Start of Data provided

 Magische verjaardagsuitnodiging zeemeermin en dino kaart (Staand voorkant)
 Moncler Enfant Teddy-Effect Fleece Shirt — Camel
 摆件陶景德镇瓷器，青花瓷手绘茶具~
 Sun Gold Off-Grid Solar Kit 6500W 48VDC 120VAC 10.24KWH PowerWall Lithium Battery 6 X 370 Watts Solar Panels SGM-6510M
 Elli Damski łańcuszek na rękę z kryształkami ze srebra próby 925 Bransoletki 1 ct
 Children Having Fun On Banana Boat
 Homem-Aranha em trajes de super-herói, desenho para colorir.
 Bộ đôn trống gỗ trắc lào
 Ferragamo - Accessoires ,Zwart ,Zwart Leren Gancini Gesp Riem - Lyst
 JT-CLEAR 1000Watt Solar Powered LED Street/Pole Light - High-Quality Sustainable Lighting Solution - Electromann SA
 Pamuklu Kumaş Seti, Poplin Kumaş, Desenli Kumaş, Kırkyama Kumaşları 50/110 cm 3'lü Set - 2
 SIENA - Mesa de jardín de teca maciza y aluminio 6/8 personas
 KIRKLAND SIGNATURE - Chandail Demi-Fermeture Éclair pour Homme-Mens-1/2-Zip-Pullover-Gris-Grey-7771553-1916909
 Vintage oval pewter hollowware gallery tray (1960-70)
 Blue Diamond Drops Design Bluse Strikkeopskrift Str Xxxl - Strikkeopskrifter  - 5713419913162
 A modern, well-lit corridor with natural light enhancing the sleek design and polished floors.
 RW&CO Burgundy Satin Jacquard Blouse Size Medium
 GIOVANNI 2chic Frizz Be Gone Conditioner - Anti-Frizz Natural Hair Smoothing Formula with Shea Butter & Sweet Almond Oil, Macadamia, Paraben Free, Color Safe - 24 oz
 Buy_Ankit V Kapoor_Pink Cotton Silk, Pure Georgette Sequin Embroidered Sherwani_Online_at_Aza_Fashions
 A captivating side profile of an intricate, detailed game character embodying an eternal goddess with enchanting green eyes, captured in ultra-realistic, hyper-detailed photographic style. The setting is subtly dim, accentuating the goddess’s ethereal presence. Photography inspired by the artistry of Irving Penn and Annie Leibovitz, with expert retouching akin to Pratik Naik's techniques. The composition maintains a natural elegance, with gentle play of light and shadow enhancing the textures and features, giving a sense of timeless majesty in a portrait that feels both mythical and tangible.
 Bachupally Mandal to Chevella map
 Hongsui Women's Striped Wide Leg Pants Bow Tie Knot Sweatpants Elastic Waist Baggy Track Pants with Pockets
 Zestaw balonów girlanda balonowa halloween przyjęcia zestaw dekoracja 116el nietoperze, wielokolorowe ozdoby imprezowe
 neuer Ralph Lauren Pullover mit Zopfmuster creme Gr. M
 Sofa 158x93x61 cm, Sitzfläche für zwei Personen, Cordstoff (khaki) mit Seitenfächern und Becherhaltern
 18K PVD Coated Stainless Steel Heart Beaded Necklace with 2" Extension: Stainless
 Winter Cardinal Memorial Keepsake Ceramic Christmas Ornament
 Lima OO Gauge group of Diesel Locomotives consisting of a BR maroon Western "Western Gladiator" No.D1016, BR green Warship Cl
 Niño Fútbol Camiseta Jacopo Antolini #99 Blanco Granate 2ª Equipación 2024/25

End of Data provided

The problem: Please report every line among the entries that includes "with".

Task response:
 A modern, well-lit corridor with natural light enhancing the sleek design and polished floors.
 GIOVANNI 2chic Frizz Be Gone Conditioner - Anti-Frizz Natural Hair Smoothing Formula with Shea Butter & Sweet Almond Oil, Macadamia, Paraben Free, Color Safe - 24 oz
 A captivating side profile of an intricate, detailed game character embodying an eternal goddess with enchanting green eyes, captured in ultra-realistic, hyper-detailed photographic style. The setting is subtly dim, accentuating the goddess’s ethereal presence. Photography inspired by the artistry of Irving Penn and Annie Leibovitz, with expert retouching akin to Pratik Naik's techniques. The composition maintains a natural elegance, with gentle play of light and shadow enhancing the textures and features, giving a sense of timeless majesty in a portrait that feels both mythical and tangible.
 Hongsui Women's Striped Wide Leg Pants Bow Tie Knot Sweatpants Elastic Waist Baggy Track Pants with Pockets
 18K PVD Coated Stainless Steel Heart Beaded Necklace with 2" Extension: Stainless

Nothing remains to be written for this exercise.